海拔三千多米。但尚未有任何高原反应。我站在街口,关注着来来往往的塔吉克人。这是个和平、善良、美丽的民族,有欧罗巴血统。他们见面时,会行各种身体礼仪:吻手礼,吻额礼,或贴面礼。这极像东欧民族的一些礼仪。这种礼仪真好,能缩短人与人之间的距离,增进人与人之间的亲密、友好和相互尊重。可惜汉民族已没有这样的礼仪。记得当外交官时,曾接待一个河南代表团。热情的罗马尼亚女主人打算从团长开始,一一拥抱代表团成员。这时,我发现了一个微妙的细节。代表团好几位成员竟同时找了个借口,悄悄离开了队伍,避开了这一礼仪。兴许,面对异常饱满、漂亮的女主人,他们不知所措。兴许,还有其他难言的原因。我不知道。

用完午餐,直接坐车前往红其拉甫。那是中巴边界,海拔五千多米。空气渐渐稀薄。眩晕的感觉,让呼吸和言语变得艰难。我坚持着,决不能掉队。一名年轻的战士陪伴着我们来到边界界碑处。这就是红其拉甫。

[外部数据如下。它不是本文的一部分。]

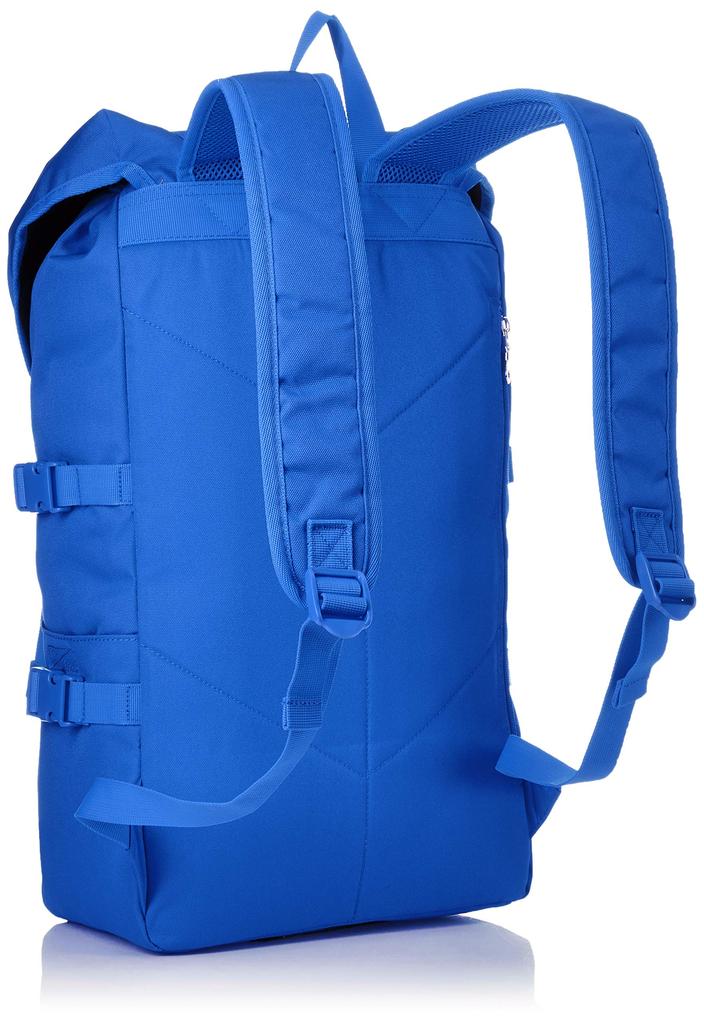 Aventura Women's Nylon Mountain Backpack NM-1526, All Blue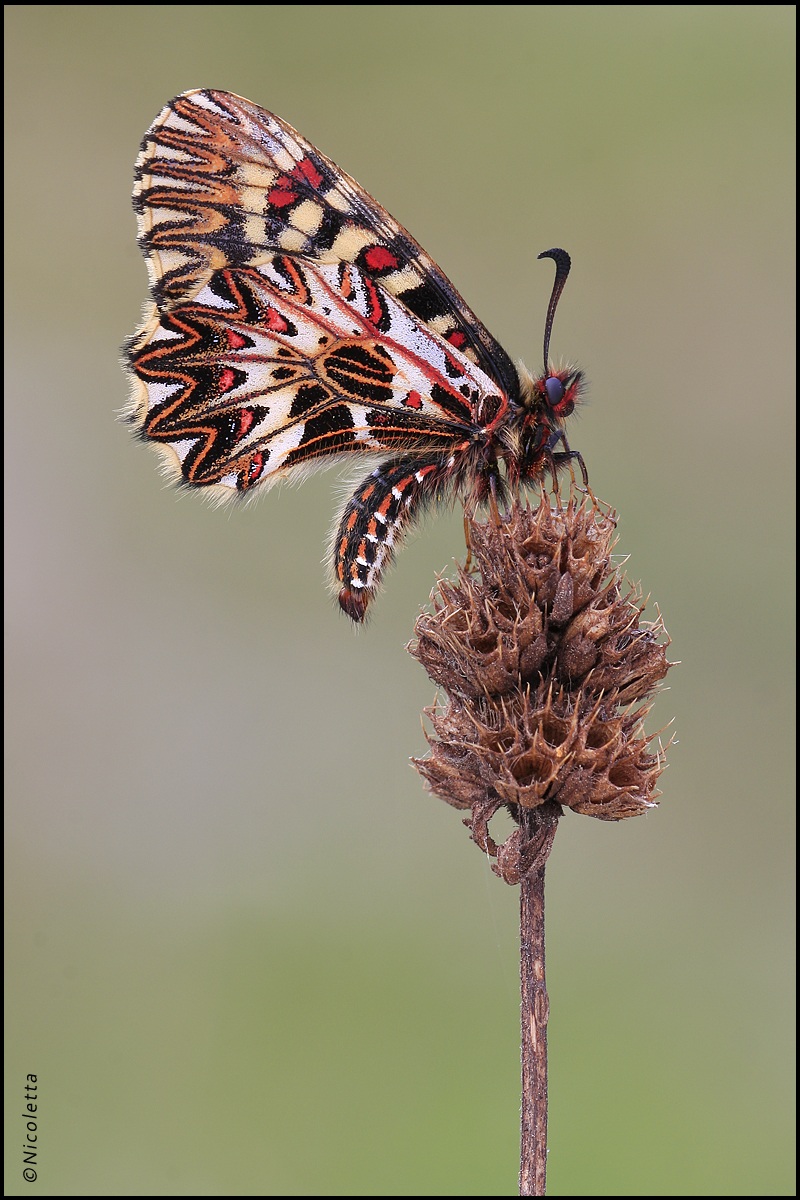 Zerynthia Polyxena 2012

放眼望去,雪山围绕,耀眼的白色,就在眼前闪烁。我拨通松风的电话,喘着粗气,对他说:“兄弟,在海拔五千五百米的高度,问候你!”松风的声音传来,遥远,却又亲切。那一刻,心灵仿佛完成了某种升华。这次攀行,于我,更多地具有精神意义。

塔什库尔干,宁静而又迷人的夜晚。抬起头,满天的星星,密集,闪烁着,那么的近,那么的亮,仿佛伸手可触,仿佛回到童年的田野。长期在都市生活,被雾霭遮蔽,竟看不到星空,竟忘了我们的天空原来繁星闪烁着,时时刻刻。看不见星星的城市是可悲的城市,再发达再繁华,也没有任何前途。不想回宾馆。真想邀上一位同伴,与她整宿整宿地在外面漫游,走遍小城的每个角落。我在做梦吧。是的。小城之夜,就是一个梦。也是一个奇迹。当地朋友介绍说,这里的监狱连续五十年空着,没关过一个犯人。世上到哪里还能找到如此安宁的类似理想国的城市。

一夜无眠。我在冰山脚下徘徊,倾听着小城的呼吸。